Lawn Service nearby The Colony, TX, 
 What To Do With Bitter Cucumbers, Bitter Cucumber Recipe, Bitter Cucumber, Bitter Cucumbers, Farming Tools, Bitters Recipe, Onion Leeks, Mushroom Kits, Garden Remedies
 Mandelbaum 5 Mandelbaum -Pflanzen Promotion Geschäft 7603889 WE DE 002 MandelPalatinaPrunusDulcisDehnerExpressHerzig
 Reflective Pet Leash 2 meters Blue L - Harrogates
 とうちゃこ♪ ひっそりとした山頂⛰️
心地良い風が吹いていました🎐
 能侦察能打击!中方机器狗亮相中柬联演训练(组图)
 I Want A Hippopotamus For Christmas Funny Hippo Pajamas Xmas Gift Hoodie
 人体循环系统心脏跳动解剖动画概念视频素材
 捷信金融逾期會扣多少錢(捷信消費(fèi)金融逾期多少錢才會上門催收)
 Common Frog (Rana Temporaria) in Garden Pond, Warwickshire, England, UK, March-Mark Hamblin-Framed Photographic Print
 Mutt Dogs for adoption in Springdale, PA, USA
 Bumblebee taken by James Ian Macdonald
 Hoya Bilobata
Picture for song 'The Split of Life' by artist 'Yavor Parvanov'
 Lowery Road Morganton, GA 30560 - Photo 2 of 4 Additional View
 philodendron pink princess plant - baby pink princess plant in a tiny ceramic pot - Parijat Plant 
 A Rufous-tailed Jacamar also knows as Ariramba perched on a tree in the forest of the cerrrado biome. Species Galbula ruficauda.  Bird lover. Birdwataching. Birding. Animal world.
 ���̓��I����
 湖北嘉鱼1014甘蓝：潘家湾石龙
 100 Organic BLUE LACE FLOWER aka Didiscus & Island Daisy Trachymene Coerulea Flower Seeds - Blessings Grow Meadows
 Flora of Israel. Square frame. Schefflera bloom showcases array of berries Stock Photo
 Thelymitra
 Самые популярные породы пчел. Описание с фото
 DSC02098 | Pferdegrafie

--- --- ---

# [BRIEF]
After reading through the material, report every line that holds "Garden".

# [ANSWER]
 What To Do With Bitter Cucumbers, Bitter Cucumber Recipe, Bitter Cucumber, Bitter Cucumbers, Farming Tools, Bitters Recipe, Onion Leeks, Mushroom Kits, Garden Remedies
 Common Frog (Rana Temporaria) in Garden Pond, Warwickshire, England, UK, March-Mark Hamblin-Framed Photographic Print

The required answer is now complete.